The move to cut the number of tribunals by merging various of these quasi-judicial bodies may well be projected as a major reform by the Centre. Some aspects of this move—brought in through the Finance Bill 2017 on Tuesday—are intriguing. Apart from the questionable rationale behind the decision to merge some very disparate entities, the Centre is also seen usurping to itself more powers when it comes to the right to appoint/ remove the members of the various tribunals.
Some questions arise: Wouldn’t these moves make these tribunals weaker? Shouldn’t there be a clear separation of powers when it comes to the executive making quasi-judicial appointments? Isn’t there a conflict of interest with the government itself being party of dispute in many of these tribunals? Or, is that what the government wants so that it could have an indirect say in how disputes are resolved? There’s also the oft repeated question: why should these amendments, too, be put in the guise of a ‘Money Bill’?

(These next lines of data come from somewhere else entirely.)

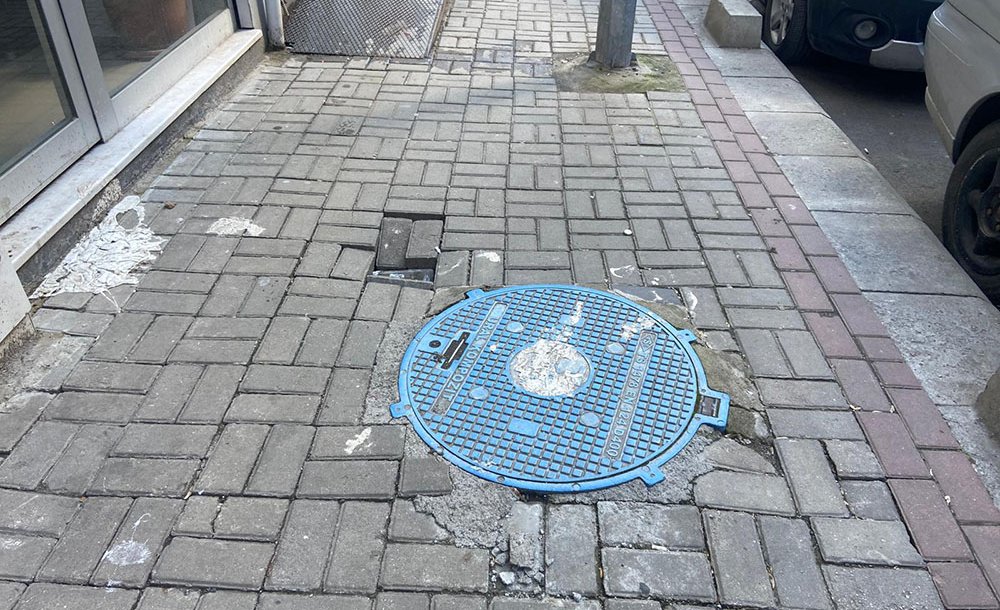 Bu Kaldırımlar Tehlike Saçıyor 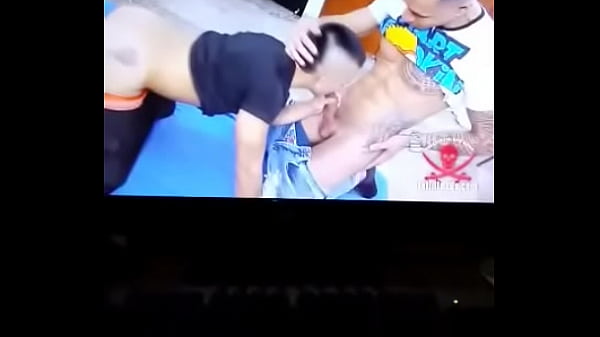Assistindo Um Rico Porno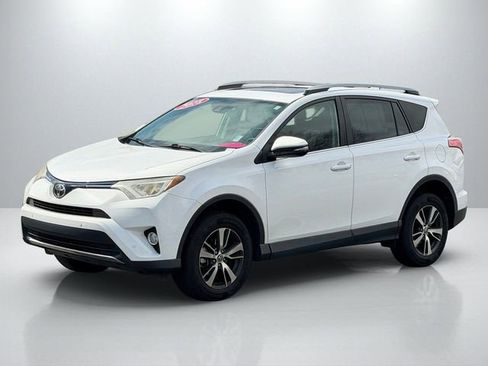 Used 2018 Toyota RAV4 XLE image 2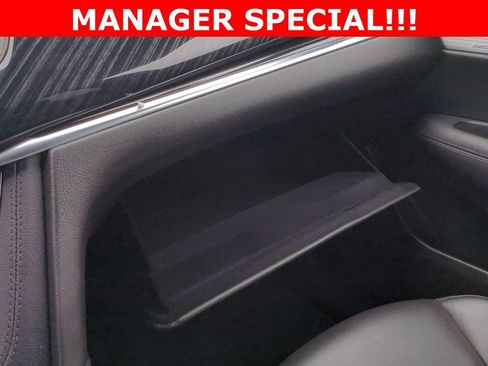 Used 2025 Cadillac XT6 Premium Luxury image 25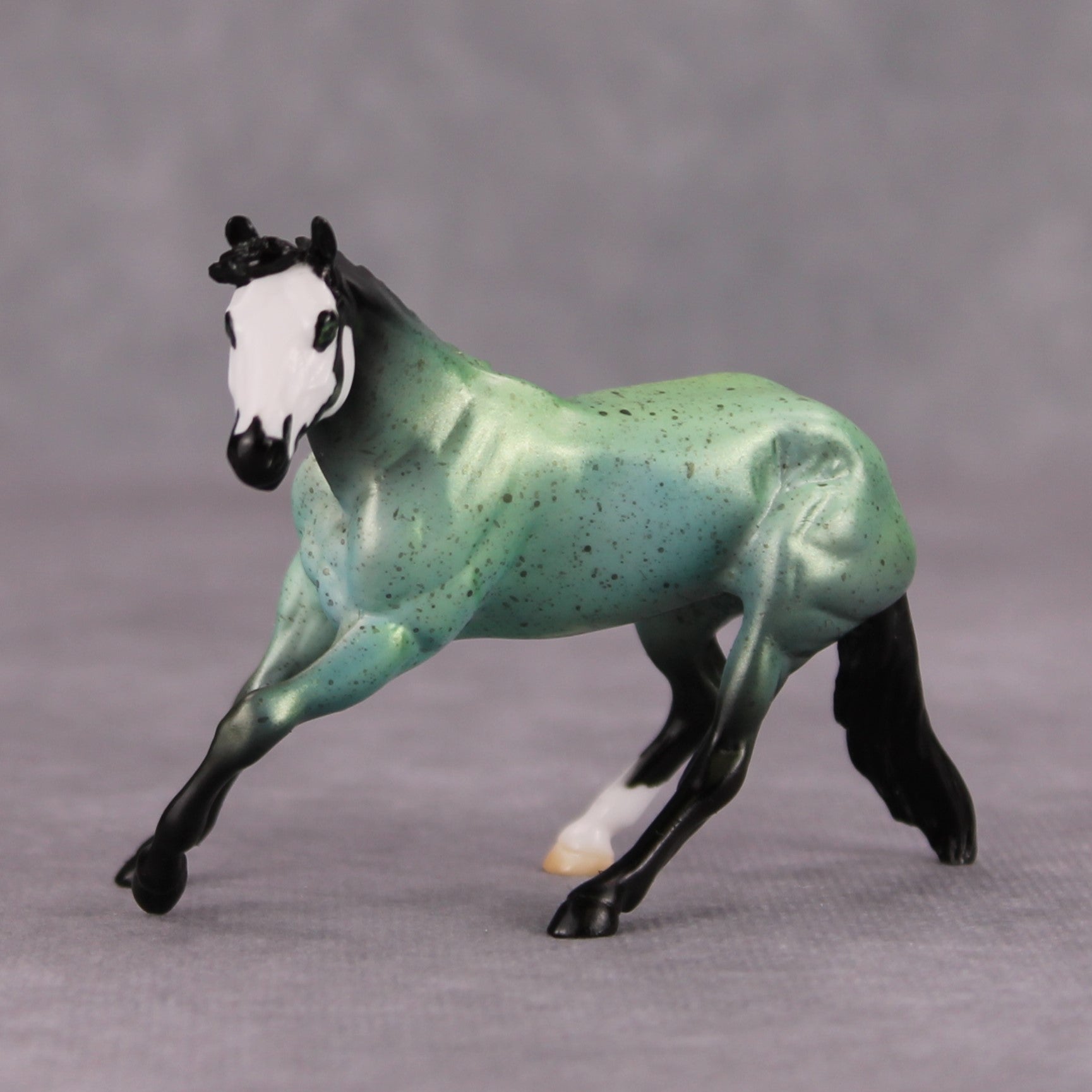 Roswell That Ends Well OOAK Deco Green Skull Cutter Chip By Jess Hamill MM24 MHP Auction Piece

“There will be uniformity in service conditions and pay structure of all those retired judges who are being appointed in all these tribunals. Where there is less work and there are two-three tribunals, that will now be done by one,” Finance Minister Arun Jaitley reportedly said in Parliament, moving the amendments as part of the Finance Bill 2017.

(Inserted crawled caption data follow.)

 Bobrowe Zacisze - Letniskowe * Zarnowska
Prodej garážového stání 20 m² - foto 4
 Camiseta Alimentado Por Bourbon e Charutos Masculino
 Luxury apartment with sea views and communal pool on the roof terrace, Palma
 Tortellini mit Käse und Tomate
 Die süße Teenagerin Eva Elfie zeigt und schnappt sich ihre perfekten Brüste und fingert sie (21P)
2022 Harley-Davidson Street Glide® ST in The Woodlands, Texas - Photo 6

The FM may be right in bringing in uniformity in service conditions and pay structure of all those retired judges who are being appointed in all these tribunals. However, there’s more. As things stand now, the various terms of appointment and removal of members of the tribunals are clearly mentioned in the respective laws.

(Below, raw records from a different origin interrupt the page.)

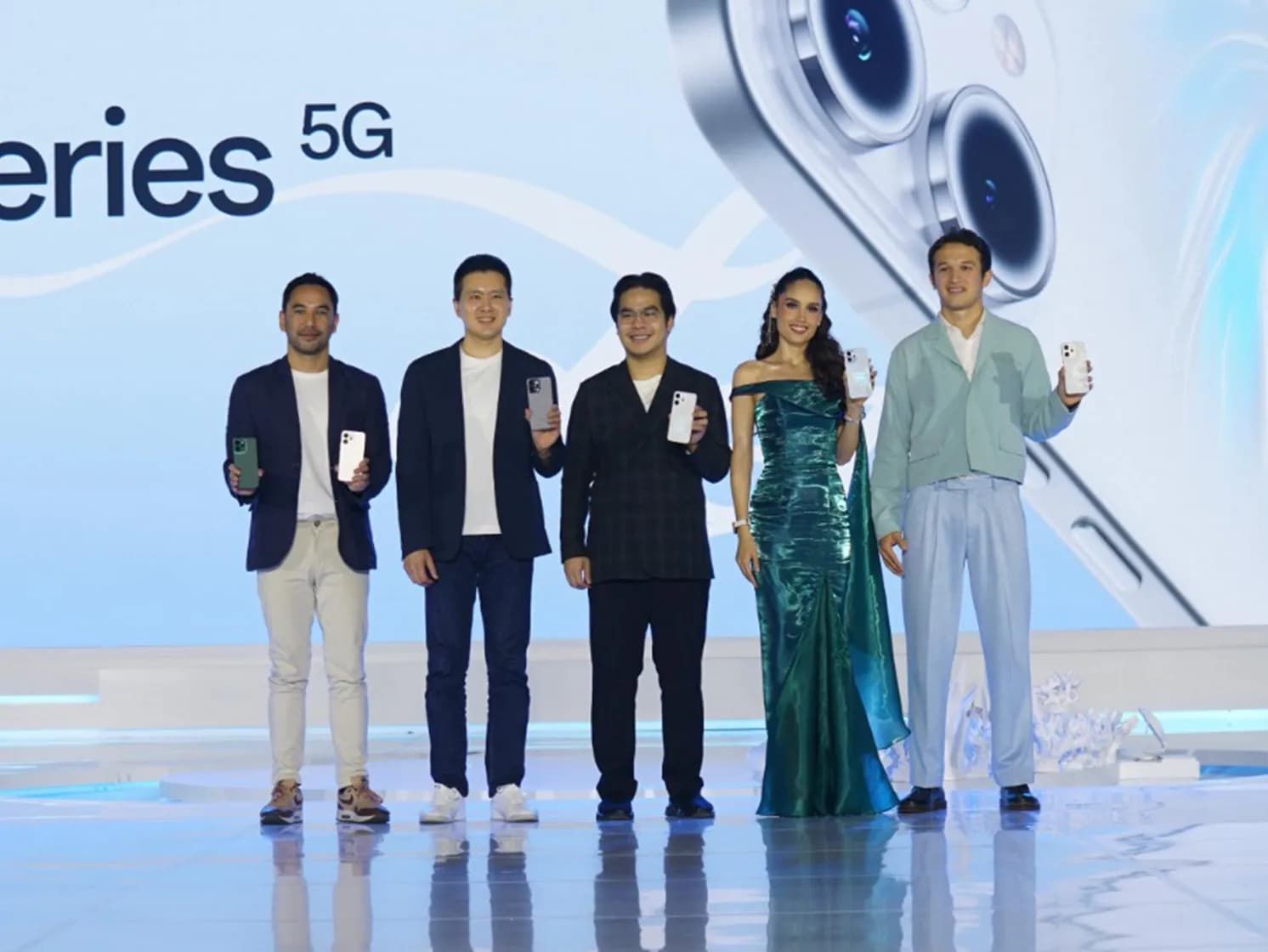 OPPO Reno14 Series: AI Flash Photography Rp5,5 Jutaan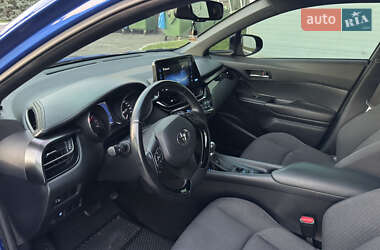 Внедорожник / Кроссовер Toyota C-HR 2016 в 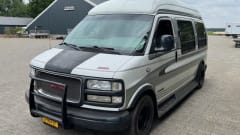 GMC v8 – 2p Other campervan from 1997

Through the new amendment though, it is being delegated to rules that have to be notified by the Centre—that is, not through Parliament. That is, the Centre will have a greater say in the appointment and dismissal of tribunal members, which may question the neutrality of those appointed. In fact, the Centre can now add more tribunals also without prior parliamentary approval.
“It has to be seen whether this amendment will pass the test for the separation of powers between the executive and the judiciary as set out by the Supreme Court in its various judgments,” says MR Madhavan, co-founder and President of PRS Legislative Research, a research body.
Madhavan points out that the Supreme Court in the Madras Bar Association versus the Union of India in 2014 had held that Appellate Tribunals have similar powers and functions as High Courts and hence matters related to appointment and tenure must be free from executive involvement. Also, he points out that most of the tribunals that are being amended include several in which the Centre would usually be one of the parties to the dispute such as those related to income tax, customs, railways and so on.
While it may be a good idea to subsume various tribunals, the point is whether the various tribunals have the same synergies—and whether the merger will increase efficiencies or just make systems inefficient. Let's consider some of the mergers that appear to be odd.
The amendment suggests the merger of the Airport Economic Regulatory Authority Appellate Tribunal (Aeraat) and the Cyber Appellate Tribunal with the Telecom Dispute Settlements and Appellate Tribunal (TDSAT).
The Cyber Appellate Tribunal—that was formed under The Information Technology Act, 2000—into grievances due to an order of an adjudicating officer under this Act. The TDSAT was formed under the 1997 law that also created the Telecom Regulatory Authority of India to regulate the telecom sector. TDSAT’s main functions are to adjudicate disputes between a licensor and a licensee; between two or more service providers; between a service provider and a group of consumers and so on.
Still, these two tribunals may share some common grounds.
However, the Airport Economic Regulatory Authority was formed to regulate tariff and other charges for the aeronautical services rendered at airports and to monitor performance standards of airports. And, Aeraat adjudicates disputes and dispose of appeals in these matters.
Now, aren’t the areas of expertise in these areas different? Is it fair to expect the members of the tribunal to have equal expertise in all these differing fields? Would this move create efficiencies in the structure of the merged entity, or just the reverse? All these are serious issues.
Such questions also arise on the move to merge the Competition Appellate Tribunal that deals with anti-competition matters with the National Company Law Appellate Tribunal that mainly looks into governance of companies.
Finally, should all these changes be brought in as a money bill? “The tribunals have nothing to do with Money Bills,” says Madhavan. He says the Supreme Court should come out with principles that bring clarity and guidelines on what should be classified as a Money Bill and what shouldn’t.